**The task**
Look below for the line holding "Любители на баклавата" and the line holding "Produktbild: Complete Backgammon". Repeat those two and everything between, exactly.

**Materials provided**
· · · · ·
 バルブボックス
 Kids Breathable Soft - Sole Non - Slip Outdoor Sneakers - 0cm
· · · · ·
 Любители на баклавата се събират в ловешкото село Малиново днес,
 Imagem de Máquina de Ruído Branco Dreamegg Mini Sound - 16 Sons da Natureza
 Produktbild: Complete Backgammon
· · · · ·
**Response**
 Любители на баклавата се събират в ловешкото село Малиново днес,
 Imagem de Máquina de Ruído Branco Dreamegg Mini Sound - 16 Sons da Natureza
 Produktbild: Complete Backgammon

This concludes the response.